David French concludes his article with these words: "It's fashionable for modern Christians to slide past the Old Testament and linger on the New. But as secular and religious institutions collapse around us, it's hard to escape the feeling that we live in a period of Old Testament-style rebellion against God. Our Catholic cathedrals and suburban mega-churches alike are shot-through with the same sins that pollute the world. None of us has the luxury of believing 'our' institutions are safe or that 'our side' of the Christian divide has adequately guarded itself against the demonic spirit that stalks the land. Ships in the Christian armada are ablaze. We must not simply sail on and leave them to their fate."

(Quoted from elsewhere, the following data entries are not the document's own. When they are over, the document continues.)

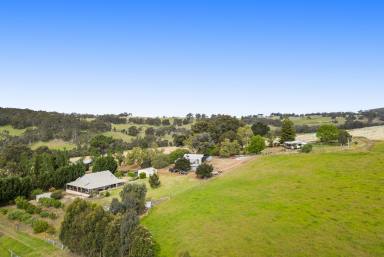 Lifestyle For Sale - WA - Winnejup - 6255 - Australian homestead + cottage + 182 acres  (Image 2)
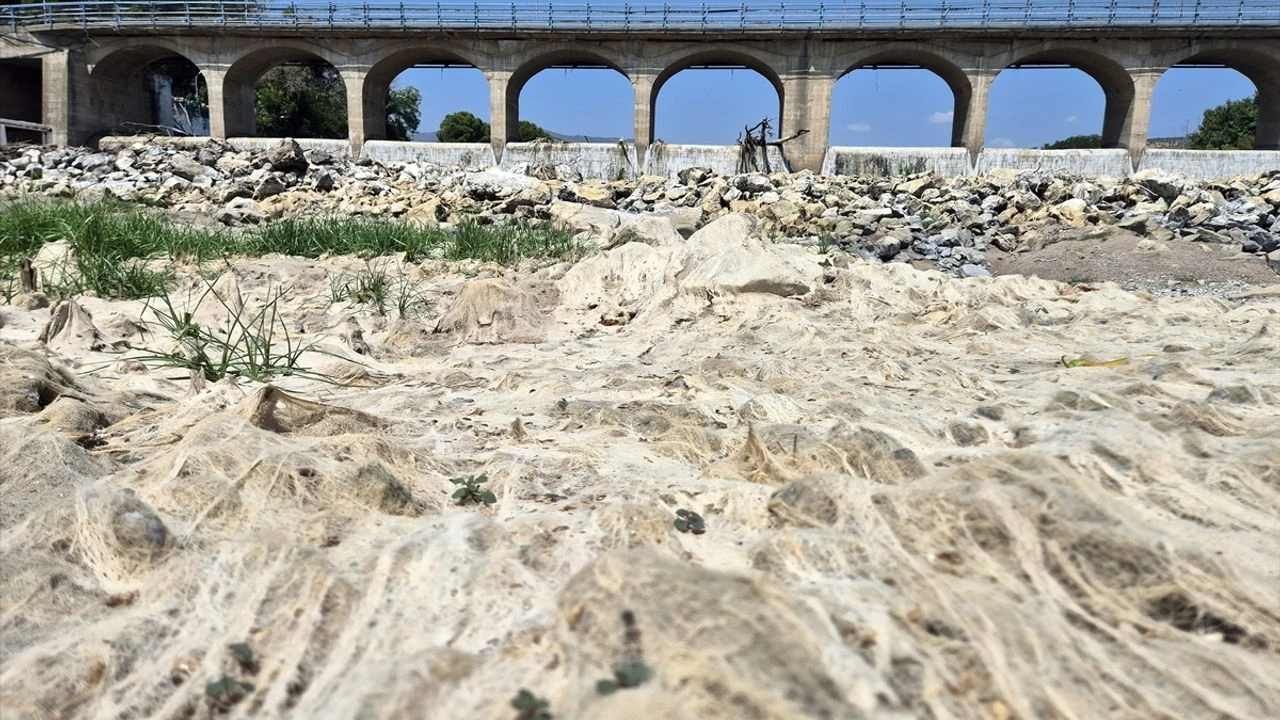 Bilim insanından Manisa uyarısı: Susuzluk kapıda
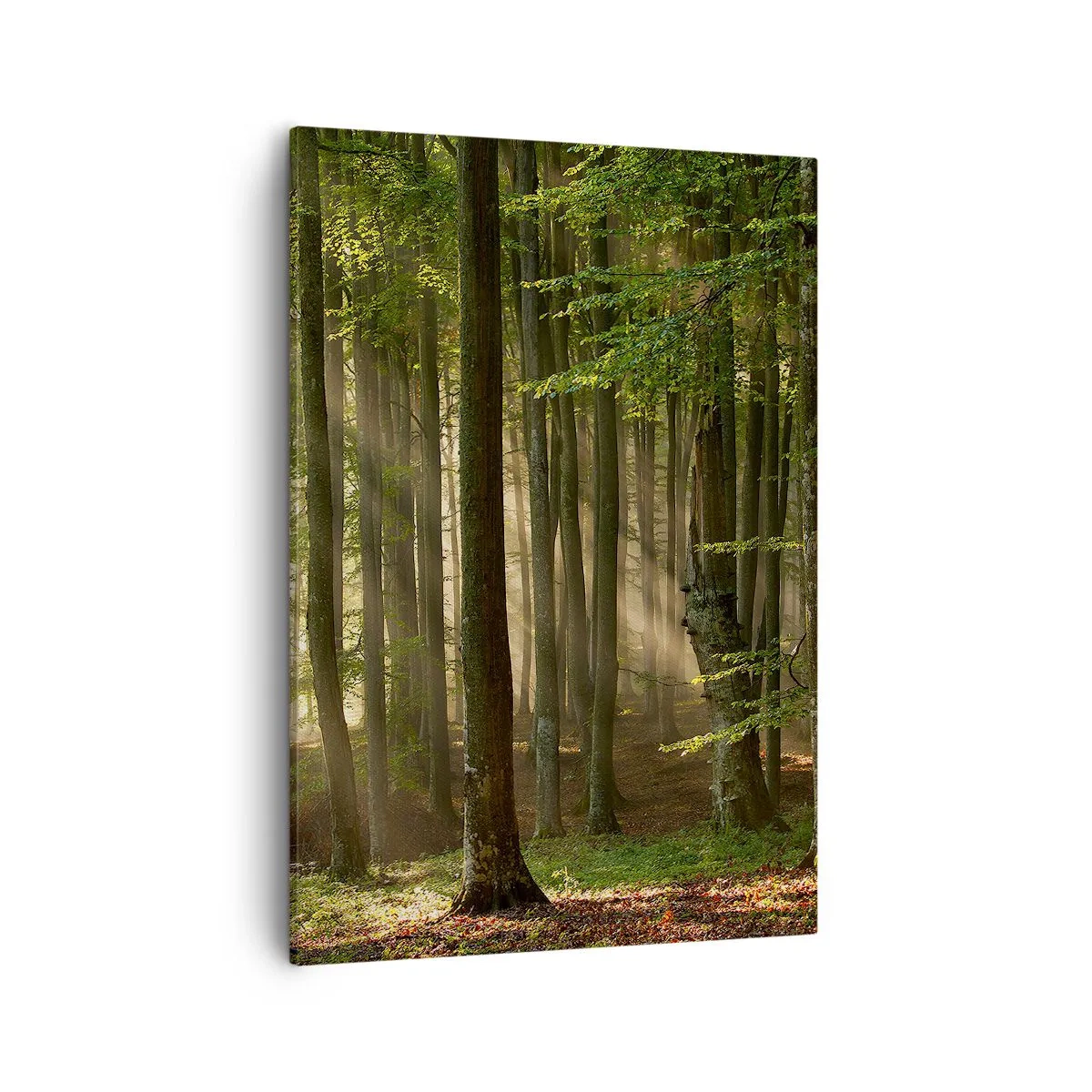 Obraz na płótnie - Zielony las z promieniami słońca - 50x70cm - Rozpromieniony w wiosenny poranek - Nowoczesna dekoracja ścienna do salonu, kuchni i sypialni ARTTOR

Friends, Jesus admonished His disciples that there were to be "wise as serpents and harmless as doves." Yet He also stated that "the gates of hell would not prevail against the church." Jesus never promised that the Church would have an easy road. Since its inception on that Day of Pentecost so many years ago, it has been the recipient of Satan's broadsides. Yet we have this sure and certain promise from the Savior Himself - "in the world you will have tribulations, but be of good cheer, for I have overcome the world." This does not mean that we can be apathetic about what is happening around us. Instead it means that we need to guard with more diligence and care those foundational truths that have been entrusted to us (see Jude 3). Yes, we are in a war...but we know how the war ends! Hallelujah for that great truth!